_PROBLEM DETAILS_
Each entry that follows must be output without any deviation.
Segment Start: THE INPUT
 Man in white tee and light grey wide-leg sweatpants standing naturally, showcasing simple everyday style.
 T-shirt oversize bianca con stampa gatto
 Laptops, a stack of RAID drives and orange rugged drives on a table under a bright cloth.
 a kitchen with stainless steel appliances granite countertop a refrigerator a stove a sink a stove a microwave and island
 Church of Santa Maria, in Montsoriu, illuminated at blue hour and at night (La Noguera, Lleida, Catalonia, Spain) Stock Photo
Segment End: THE INPUT
_EXPECTED ANSWER_
 Man in white tee and light grey wide-leg sweatpants standing naturally, showcasing simple everyday style.
 T-shirt oversize bianca con stampa gatto
 Laptops, a stack of RAID drives and orange rugged drives on a table under a bright cloth.
 a kitchen with stainless steel appliances granite countertop a refrigerator a stove a sink a stove a microwave and island
 Church of Santa Maria, in Montsoriu, illuminated at blue hour and at night (La Noguera, Lleida, Catalonia, Spain) Stock Photo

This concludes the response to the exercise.